There are seven cars on the entry for this weekend and possibly more to come when the full series kicks off at Sebring in March. LMP3 runners, like those in LMP2, only score points towards the four-race Endurance Cup this weekend.

"LMP3 is the easiest, most affordable route to get there. It's a lot cheaper than GTD by a solid $750,000" Bill Riley

Bill Riley, whose organisation has won Daytona outright on two occasions as a team and a further 11 times as a constructor, is running a pair of Ligier-Nissan JSP320s and reckons LMP3 is a good fit for the main IMSA series.

"A lot of drivers have the goal of doing Daytona and Sebring," he says. "P3 is the easiest, most affordable route to get there. It's a lot cheaper than GTD by a solid $750,000."

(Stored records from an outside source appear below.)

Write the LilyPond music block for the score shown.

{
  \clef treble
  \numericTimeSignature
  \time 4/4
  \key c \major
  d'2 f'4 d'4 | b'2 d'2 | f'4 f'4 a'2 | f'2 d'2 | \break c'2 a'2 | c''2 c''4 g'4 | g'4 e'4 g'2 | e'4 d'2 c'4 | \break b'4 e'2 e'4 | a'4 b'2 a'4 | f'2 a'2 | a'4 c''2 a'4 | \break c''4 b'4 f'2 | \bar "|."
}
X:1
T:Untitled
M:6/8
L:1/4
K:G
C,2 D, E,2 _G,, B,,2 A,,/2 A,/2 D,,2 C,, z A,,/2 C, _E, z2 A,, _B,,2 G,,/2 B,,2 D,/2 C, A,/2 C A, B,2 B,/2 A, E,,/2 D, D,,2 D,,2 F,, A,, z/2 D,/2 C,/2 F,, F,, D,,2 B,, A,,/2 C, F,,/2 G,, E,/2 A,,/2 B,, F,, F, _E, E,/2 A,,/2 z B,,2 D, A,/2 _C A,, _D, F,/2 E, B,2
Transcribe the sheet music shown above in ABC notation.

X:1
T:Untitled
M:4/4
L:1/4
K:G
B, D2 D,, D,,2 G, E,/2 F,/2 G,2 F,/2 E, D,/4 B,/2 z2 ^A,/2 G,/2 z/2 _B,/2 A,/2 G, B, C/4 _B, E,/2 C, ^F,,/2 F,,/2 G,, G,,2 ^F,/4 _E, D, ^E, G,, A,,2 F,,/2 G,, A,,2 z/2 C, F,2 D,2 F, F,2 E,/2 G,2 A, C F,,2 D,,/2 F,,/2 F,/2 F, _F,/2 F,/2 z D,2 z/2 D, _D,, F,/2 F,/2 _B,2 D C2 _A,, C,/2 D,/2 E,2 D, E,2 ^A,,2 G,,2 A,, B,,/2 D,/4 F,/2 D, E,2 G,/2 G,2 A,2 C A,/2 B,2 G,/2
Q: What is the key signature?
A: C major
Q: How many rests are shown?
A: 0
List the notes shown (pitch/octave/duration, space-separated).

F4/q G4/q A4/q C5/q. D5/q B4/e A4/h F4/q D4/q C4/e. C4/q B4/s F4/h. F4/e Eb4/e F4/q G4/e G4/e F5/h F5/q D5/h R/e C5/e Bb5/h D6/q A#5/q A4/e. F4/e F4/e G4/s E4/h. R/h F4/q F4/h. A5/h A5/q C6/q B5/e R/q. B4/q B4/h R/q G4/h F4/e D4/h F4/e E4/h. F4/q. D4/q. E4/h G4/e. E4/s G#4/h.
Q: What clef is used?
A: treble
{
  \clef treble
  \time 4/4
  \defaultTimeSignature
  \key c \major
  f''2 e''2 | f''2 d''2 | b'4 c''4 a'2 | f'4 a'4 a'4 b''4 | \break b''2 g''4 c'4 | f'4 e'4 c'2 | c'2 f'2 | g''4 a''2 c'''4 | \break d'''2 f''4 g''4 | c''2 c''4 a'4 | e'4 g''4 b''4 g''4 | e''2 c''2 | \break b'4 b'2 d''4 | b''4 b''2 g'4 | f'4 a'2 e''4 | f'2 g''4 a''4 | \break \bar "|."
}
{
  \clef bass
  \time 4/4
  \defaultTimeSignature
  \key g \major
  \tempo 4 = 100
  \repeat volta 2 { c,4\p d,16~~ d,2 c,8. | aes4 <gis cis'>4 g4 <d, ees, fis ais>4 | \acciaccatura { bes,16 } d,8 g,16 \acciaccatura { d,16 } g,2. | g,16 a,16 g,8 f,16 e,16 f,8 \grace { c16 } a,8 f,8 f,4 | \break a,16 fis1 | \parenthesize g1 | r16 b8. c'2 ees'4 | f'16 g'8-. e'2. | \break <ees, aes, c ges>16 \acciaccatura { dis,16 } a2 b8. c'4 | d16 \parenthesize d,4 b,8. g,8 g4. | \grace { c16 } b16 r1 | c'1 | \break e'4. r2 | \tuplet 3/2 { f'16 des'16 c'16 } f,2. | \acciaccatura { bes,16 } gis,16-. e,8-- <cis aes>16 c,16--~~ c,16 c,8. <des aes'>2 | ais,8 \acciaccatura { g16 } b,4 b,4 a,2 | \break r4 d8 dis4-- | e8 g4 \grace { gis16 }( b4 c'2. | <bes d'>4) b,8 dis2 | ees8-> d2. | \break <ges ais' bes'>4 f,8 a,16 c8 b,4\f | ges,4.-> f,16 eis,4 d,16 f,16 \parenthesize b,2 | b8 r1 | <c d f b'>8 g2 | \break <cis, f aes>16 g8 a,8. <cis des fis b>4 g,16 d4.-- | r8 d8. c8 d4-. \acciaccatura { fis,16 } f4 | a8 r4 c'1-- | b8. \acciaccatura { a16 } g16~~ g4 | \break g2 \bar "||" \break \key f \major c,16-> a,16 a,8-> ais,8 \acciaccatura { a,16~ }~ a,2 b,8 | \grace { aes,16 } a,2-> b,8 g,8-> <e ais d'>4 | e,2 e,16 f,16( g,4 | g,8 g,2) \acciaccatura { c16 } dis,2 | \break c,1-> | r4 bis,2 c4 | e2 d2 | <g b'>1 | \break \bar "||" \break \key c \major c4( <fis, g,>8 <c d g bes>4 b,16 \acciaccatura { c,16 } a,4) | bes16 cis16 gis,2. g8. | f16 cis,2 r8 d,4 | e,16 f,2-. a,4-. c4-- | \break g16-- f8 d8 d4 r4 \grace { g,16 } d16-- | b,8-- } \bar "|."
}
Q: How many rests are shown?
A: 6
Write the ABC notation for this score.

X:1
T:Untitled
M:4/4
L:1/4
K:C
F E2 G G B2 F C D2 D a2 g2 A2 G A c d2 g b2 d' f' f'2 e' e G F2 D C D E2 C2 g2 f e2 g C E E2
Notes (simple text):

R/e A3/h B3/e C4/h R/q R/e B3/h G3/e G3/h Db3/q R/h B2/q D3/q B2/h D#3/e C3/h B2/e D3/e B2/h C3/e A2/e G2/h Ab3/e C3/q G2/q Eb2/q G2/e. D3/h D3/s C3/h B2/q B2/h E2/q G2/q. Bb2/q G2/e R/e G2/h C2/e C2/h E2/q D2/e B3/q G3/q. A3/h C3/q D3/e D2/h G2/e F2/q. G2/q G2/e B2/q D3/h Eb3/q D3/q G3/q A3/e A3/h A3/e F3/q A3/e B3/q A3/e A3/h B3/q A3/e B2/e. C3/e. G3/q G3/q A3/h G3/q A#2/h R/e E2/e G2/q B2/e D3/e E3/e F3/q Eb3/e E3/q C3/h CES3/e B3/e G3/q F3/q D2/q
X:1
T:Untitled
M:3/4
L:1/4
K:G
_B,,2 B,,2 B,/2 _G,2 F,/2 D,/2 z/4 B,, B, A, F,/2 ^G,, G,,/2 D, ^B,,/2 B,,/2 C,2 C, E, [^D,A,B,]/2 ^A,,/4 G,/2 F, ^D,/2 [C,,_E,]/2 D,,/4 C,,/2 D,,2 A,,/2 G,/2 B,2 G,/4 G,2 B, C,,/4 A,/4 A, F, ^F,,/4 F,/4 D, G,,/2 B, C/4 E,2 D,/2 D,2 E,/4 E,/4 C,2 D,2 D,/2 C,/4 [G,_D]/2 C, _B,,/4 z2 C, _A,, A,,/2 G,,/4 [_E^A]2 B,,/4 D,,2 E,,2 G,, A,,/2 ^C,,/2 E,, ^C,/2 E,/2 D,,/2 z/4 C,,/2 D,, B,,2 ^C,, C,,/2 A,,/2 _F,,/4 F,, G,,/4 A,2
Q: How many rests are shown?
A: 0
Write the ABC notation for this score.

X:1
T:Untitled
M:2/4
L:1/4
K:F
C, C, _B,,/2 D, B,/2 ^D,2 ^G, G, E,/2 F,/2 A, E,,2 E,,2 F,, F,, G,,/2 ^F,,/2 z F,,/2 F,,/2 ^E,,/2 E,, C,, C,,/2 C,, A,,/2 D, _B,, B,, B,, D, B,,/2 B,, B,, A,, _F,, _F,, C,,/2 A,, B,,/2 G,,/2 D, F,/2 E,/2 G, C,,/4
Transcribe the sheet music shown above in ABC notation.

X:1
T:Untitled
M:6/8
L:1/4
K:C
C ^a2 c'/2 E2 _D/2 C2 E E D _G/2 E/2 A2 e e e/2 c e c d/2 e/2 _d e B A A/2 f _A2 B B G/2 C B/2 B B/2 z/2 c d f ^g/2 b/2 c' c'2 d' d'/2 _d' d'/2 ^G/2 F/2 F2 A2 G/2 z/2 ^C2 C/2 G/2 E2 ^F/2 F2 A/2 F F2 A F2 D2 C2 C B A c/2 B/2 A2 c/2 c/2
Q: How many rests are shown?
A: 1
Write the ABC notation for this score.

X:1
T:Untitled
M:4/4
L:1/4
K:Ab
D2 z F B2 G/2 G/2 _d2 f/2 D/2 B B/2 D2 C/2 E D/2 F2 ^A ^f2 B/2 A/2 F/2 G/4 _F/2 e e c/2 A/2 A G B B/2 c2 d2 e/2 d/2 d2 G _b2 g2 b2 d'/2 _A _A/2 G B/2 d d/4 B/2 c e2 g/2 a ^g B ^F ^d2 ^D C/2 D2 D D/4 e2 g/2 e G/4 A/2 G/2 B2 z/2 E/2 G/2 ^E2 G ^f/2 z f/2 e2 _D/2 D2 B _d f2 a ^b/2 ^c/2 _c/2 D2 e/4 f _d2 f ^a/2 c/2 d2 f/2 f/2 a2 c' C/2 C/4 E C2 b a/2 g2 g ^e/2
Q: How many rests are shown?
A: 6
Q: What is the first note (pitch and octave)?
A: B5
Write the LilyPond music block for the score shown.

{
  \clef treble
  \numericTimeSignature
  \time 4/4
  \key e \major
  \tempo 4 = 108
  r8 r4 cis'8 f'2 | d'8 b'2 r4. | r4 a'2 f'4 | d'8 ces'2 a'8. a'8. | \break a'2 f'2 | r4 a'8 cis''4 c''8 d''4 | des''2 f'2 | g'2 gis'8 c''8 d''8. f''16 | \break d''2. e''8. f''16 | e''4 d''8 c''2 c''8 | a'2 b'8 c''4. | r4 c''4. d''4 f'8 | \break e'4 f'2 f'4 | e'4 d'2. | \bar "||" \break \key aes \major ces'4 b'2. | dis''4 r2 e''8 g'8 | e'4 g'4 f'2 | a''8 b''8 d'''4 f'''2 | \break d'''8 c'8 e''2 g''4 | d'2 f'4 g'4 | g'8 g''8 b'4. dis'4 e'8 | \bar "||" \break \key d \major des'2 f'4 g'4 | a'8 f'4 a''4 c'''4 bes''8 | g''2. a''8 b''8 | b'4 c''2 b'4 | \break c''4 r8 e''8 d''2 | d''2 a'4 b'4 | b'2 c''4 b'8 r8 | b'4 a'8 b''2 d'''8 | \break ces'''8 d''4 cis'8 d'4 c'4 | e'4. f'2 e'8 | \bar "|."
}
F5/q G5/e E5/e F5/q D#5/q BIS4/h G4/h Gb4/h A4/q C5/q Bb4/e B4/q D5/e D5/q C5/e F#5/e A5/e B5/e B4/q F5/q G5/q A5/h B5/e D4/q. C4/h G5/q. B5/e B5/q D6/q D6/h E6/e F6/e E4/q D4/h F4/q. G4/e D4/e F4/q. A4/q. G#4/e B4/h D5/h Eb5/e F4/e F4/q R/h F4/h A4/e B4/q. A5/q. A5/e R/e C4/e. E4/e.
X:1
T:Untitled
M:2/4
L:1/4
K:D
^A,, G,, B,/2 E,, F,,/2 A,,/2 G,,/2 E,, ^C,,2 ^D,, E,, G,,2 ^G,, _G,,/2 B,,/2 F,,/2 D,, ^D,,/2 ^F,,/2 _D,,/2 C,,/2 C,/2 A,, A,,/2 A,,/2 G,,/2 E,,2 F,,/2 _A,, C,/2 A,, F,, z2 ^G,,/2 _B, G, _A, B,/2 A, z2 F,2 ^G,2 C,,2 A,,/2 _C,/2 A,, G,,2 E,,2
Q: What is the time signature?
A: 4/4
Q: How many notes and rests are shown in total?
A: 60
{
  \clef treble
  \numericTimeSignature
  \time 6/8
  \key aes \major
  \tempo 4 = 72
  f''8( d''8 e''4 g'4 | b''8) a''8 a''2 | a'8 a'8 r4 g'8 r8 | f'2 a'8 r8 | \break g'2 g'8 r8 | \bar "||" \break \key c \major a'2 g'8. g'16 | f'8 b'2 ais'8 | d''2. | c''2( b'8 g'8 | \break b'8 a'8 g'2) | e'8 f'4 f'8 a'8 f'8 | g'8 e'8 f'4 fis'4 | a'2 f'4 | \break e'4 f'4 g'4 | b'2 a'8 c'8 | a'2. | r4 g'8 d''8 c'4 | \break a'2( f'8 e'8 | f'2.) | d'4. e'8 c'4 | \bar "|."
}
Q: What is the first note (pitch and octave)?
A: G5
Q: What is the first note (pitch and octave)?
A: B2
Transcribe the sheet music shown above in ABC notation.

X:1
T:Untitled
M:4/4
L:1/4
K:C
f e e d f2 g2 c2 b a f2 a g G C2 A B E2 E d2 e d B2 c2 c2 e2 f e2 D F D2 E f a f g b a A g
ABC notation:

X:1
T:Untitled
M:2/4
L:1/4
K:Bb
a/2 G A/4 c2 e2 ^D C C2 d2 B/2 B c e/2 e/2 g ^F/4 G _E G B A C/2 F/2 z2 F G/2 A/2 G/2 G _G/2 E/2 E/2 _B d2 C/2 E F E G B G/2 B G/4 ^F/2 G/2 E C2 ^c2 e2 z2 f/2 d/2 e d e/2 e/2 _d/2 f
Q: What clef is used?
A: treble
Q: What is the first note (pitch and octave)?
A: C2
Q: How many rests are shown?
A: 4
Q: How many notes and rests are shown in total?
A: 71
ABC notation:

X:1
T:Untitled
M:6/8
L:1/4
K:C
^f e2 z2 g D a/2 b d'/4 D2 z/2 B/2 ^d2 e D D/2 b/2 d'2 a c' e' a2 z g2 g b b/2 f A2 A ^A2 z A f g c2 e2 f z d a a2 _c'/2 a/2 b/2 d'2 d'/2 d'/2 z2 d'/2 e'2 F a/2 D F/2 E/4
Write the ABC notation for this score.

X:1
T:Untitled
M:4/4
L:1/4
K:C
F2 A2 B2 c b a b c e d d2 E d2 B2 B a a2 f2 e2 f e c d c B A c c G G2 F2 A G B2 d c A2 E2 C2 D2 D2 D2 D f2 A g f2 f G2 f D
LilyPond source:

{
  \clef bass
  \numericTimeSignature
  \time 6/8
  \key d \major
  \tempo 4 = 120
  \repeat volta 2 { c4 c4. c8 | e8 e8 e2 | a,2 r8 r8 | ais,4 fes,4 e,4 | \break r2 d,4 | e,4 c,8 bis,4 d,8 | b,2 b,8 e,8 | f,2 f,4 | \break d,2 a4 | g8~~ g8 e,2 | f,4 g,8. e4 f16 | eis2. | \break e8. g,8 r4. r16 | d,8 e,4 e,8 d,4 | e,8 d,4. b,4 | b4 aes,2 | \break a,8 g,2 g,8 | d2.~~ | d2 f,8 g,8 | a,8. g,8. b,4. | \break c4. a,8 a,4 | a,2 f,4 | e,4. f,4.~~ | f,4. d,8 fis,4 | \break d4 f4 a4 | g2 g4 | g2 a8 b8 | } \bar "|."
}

Many are predicting that the arrival of the LMP3s on the main IMSA grid could change the dynamic of the racing. The LMP3s are capable of similar laps times to the GTLM machinery, upsetting the 'class separation' of which IMSA has much talked down the years. Others, like Estre, point to the days of the Prototype Challenge class for the ORECA-Chevrolet FLM09 one-make racer. They had a habit of causing yellow-flag safety-car periods.